→ **Task inputs**
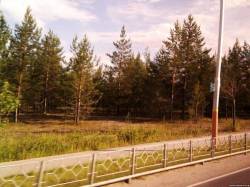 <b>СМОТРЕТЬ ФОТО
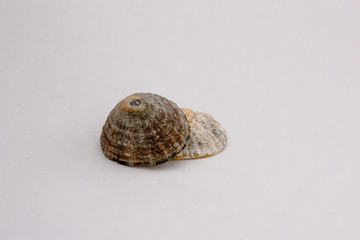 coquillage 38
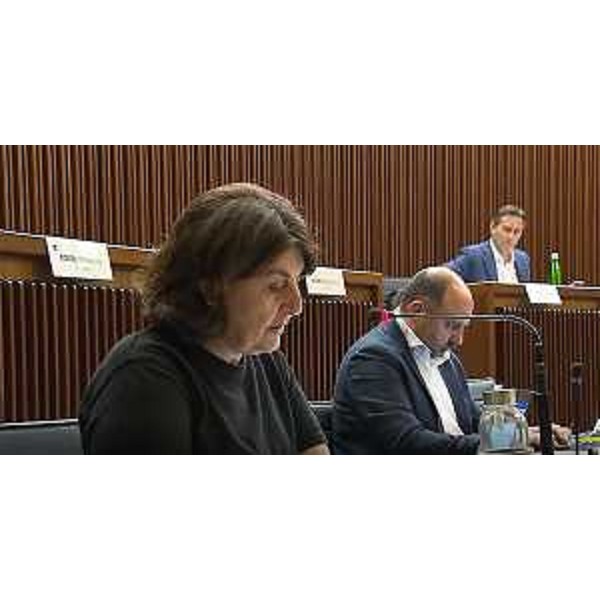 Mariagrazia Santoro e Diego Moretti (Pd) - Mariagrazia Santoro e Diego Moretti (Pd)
* * *
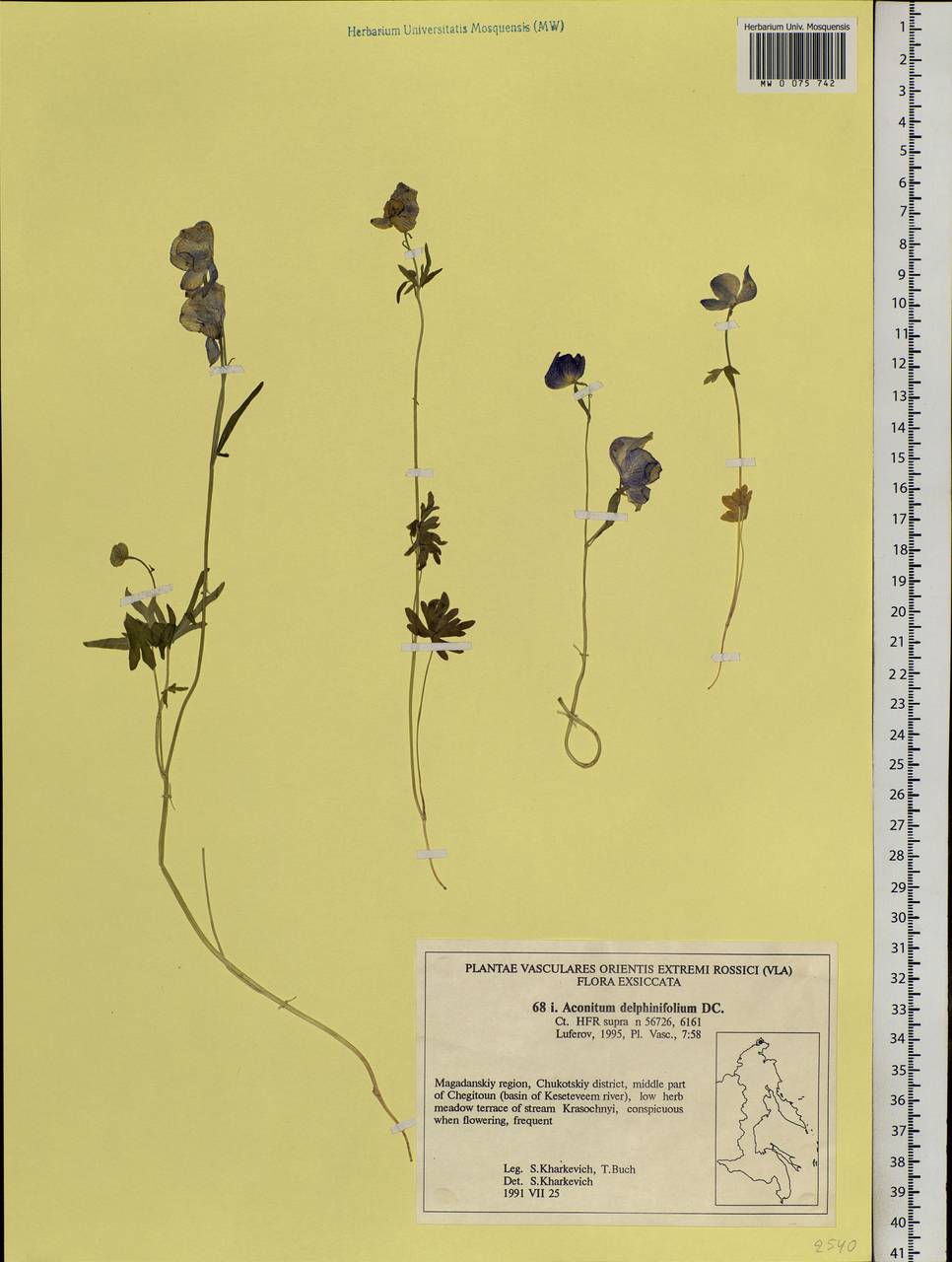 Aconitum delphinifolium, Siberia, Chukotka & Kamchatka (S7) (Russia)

→ **What is being asked**
Find the line with "coquillage 38" in the data above, and from there retype each line exactly through the line with "Mariagrazia Santoro e Diego Moretti (Pd) - Mariagrazia", skipping the pictures along the way.

→ **Exercise result**
 coquillage 38
 Mariagrazia Santoro e Diego Moretti (Pd) - Mariagrazia Santoro e Diego Moretti (Pd)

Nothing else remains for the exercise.